We are in an entirely new situation. In spite of trillions being pumped into the economy in an effort to generate inflation, deflation is looming. Cheap oil spells big-time trouble. Tar sand oil needs close to $80 per barrel to be profitable. Harper wants to sell the stuff in the USA, but the USA doesn’t need more oil: fracking, more renewables and the continuing and worsening recession have driven down the need for oil. The Middle East needs $100 oil to keep its people happy. Russia is in the same position. Cheap oil is a calamity for all. But it looks now that’s what is coming. Also everybody has debt, and debt can only be paid when oil is pricey. A return to cheap oil spells doom, resulting in Alberta going broke, resulting in Saudi Arabians going back on the bike or rather the camel, not very comfortable when being used to air-conditioned Rolls Royces. Also both the USA and Canada can easily manage on a lot less oil. Europe lives well at less than half the USA consumption and we are slowly adopting a European life style thanks to Hybrid cars, more renewables and especially a slowdown in the economies.

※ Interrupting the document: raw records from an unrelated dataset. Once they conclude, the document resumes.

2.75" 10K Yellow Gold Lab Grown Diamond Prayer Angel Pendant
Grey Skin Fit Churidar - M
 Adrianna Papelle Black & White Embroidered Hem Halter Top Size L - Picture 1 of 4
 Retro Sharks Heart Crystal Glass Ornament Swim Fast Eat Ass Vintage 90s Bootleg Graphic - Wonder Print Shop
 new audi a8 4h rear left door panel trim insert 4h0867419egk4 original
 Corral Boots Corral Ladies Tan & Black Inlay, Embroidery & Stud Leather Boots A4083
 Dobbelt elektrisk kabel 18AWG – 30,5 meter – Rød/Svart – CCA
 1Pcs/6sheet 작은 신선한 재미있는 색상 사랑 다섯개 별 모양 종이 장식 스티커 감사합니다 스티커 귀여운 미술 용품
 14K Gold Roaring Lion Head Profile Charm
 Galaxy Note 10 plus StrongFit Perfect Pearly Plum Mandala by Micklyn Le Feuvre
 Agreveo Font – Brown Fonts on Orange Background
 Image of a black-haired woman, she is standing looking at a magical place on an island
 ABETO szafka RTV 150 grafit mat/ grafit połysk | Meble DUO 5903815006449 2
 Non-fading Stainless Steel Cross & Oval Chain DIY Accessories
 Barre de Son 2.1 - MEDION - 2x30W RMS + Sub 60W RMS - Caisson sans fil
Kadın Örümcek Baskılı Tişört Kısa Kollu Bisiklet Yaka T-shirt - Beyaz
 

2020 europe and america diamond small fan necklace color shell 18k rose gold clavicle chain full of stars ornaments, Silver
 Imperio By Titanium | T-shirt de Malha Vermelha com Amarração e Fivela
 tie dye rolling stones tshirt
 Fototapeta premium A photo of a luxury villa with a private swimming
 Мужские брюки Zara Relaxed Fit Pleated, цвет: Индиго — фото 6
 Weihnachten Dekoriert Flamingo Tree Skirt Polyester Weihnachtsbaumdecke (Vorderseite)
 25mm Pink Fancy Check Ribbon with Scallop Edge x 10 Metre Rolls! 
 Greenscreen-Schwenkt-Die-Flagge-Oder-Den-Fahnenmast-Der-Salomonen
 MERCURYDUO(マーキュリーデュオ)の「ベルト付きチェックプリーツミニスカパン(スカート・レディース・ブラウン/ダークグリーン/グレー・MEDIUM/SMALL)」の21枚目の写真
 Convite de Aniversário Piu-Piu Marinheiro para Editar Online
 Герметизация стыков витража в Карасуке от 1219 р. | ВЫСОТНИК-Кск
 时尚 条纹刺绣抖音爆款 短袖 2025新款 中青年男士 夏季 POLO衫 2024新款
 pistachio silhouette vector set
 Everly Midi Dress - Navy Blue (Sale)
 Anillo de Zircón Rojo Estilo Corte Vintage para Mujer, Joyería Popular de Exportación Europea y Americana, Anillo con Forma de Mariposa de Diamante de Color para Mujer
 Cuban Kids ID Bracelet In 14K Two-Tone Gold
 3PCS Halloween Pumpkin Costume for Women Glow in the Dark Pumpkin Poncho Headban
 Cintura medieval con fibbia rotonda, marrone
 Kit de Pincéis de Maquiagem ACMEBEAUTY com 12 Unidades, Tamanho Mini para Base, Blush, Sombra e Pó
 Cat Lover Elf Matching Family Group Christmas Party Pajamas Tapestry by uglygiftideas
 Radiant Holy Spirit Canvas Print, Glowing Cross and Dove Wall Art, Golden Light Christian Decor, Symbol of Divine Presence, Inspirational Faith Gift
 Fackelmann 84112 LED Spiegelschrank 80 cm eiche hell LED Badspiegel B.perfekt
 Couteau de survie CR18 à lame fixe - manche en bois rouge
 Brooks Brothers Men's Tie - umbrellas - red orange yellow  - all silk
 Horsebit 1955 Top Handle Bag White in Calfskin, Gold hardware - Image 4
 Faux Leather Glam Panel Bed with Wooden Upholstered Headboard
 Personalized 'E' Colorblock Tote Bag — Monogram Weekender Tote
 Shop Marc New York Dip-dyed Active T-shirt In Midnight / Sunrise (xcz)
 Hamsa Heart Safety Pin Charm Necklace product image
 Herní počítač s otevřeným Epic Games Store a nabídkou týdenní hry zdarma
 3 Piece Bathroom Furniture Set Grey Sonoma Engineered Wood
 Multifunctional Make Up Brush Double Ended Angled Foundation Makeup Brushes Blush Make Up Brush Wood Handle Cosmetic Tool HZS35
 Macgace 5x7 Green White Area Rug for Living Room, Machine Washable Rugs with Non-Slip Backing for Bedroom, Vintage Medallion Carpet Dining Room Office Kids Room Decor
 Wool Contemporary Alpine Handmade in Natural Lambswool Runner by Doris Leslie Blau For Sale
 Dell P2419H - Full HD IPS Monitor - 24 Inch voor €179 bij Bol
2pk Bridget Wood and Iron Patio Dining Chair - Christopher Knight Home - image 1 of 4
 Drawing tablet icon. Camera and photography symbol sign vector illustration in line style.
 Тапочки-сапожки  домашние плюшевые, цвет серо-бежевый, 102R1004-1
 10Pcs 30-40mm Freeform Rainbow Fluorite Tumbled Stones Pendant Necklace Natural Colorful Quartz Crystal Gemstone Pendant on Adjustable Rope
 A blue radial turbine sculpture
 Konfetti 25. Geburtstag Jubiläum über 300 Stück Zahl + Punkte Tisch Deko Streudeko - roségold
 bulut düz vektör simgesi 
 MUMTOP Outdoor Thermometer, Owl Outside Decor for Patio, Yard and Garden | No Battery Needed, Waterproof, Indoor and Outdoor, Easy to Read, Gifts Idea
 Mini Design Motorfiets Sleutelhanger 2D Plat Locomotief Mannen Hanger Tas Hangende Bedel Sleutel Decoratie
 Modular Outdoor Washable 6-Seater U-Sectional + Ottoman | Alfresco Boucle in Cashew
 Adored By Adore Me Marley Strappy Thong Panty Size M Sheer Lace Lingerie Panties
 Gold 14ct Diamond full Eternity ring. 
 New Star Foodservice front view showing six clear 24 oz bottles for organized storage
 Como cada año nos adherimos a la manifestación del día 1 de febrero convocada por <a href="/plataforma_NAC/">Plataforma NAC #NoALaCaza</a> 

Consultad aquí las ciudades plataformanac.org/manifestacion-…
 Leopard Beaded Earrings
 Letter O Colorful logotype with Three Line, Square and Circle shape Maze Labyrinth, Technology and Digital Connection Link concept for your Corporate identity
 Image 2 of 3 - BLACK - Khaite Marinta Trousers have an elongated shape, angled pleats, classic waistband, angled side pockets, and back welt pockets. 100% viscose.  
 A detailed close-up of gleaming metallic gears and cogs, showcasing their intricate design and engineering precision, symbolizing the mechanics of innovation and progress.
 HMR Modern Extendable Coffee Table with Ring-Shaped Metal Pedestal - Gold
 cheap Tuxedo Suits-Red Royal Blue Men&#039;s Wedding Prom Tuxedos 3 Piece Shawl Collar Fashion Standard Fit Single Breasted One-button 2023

What do I see out there in the wide-wild-world? China will continue to manage with its cheap labour and ever- more dirty coal, stealing jobs and progress in the West. We need economic growth to save the system and high oil prices to keep the world happy. With continued less economic activity, less oil being used, the picture of Peak Oil is fading. Oil production peaked in or near 2005 and has fallen since, and so has demand. But all those in the international oil business are still banking on $100+ oil. That’s why Harper was in the USA this past week, selling expensive and extremely dirty oil for which there may not be a market. Companies have invested billions to produce this oil and have gone deep into debt to finance it. The entire oil world needs expensive oil. If the price goes down, so does the entire financial world.